The adversaries are mimicking genuine users, and unlike humans, they (being machines) do it tirelessly, at an unprecedented scale. The only way to find the malice among billions of internet transactions is to gather hundreds of attributes of all (genuine or otherwise) transactions (such as source-reputation, geo, IP, time of interaction, history, ability to pass a challenge, global traffic patterns, mutation mapping, encryption entropies etc).

This large-scale data then needs to pass through layers of cleaning, observed for patterns, and finally form a decision tree. However, things can’t be put to rest just at that. It is no longer feasible to defend a system with just rule-based static policies. It has to be augmented with behavioural analysis focused on detecting anomalies in real-time.

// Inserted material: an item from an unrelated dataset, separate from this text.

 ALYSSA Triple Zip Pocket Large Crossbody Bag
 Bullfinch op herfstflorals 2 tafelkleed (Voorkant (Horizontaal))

Suppose an office CCTV camera is sending too many tweets about movements of newly recognised faces on a holiday. In that case, it could very well be a new hiring drive organised on holiday (benign), or an attacker who has taken over your camera to launch a denial of service attack on Twitter (malicious). AI/ML excels at understanding the context and correlating the events with it. This technology excels in forming and improving an opinion on what is “normal” and what is an “anomaly”.

TL;DR

A human is capable of perceiving a threat based on their experience. Today’s cyber system needs the same ability to perceive a threat at a large scale to keep up with the growth in digitisation. The cyber systems use AI/ML to build that human-like intuition and threat perception using behavioural analysis. The only difference being, unlike humans, machines can learn faster and work tirelessly.

(Disclaimer: The views and opinions expressed in this article are those of the author and do not necessarily reflect the views of YourStory.)